The letter which Mary was invited to read was short. It simply asked that the writer should be relieved from a task he felt he could not adequately carry out. He desired to lay it down, not for his own sake, but for the sake of the cause. "I am not the man, and this is not my job. This conviction has been borne in upon me during the last few weeks with an amazing clearness. I will only say that it seems to represent a command—a prohibition—laid upon me, which I cannot ignore. There are of course tragic happenings and circumstances connected with it, my dear lord, on which I will not dwell. The effect of them at present on my mind is that I wish to retire from a public and prominent part in our great Movement; at any rate for a time. I shall carry through the Privy Council appeal; but except for that intend to refuse all public appearance. When the sentence is confirmed, as of course it will be, it will be best for me to confine myself to thinking and writing in solitude and behind the scenes. 'Those also serve who only stand and wait.' The quotation is hackneyed, but it must serve.
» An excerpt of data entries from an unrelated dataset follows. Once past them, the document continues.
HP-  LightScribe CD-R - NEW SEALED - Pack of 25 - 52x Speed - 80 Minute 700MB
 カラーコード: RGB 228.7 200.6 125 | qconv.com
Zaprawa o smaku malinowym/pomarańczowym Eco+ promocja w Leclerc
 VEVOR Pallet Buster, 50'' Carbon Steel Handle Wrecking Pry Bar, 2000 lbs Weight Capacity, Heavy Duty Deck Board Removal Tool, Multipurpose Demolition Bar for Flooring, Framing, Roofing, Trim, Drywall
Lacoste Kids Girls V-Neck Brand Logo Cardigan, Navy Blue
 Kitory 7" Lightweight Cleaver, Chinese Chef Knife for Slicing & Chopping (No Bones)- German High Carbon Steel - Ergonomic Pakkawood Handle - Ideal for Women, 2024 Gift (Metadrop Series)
Through thought and self-proving, I believe that in the end I shall help you best. I am not the fighter I thought I was; the fighter that I ought to be to keep the position that has been so generously given me. Forgive me for a while if I go into the wilderness—a rather absurd phrase, however, as you will agree, when I tell you that I am soon to marry a woman whom I love with my whole heart. But it applies to my connection with the Modernist Movement, and to my position as a leader. My old friends and colleagues—many of them at least—will, I fear, blame the step I am taking. It will seem to them a mere piece of flinching and cowardice. But each man's soul is in his own keeping; and he alone can judge his own powers."
The letter then became a quiet discussion of the best man to be chosen in the writer's stead, and passed on into a review of the general situation created by the sentence of the Court of Arches.
But of these later pages of the letter Mary realized nothing. She sat with it in her hands, after she had read the passage which has been quoted, looking down, her mouth trembling.
Meynell watched her uneasily—then came to sit by her, and took her hand.
"Dearest!—you understand?" he said, entreatingly.
"It is—because of Hester?" She spoke with difficulty.
He assented, and then added—
"But that letter—shall only go with your permission."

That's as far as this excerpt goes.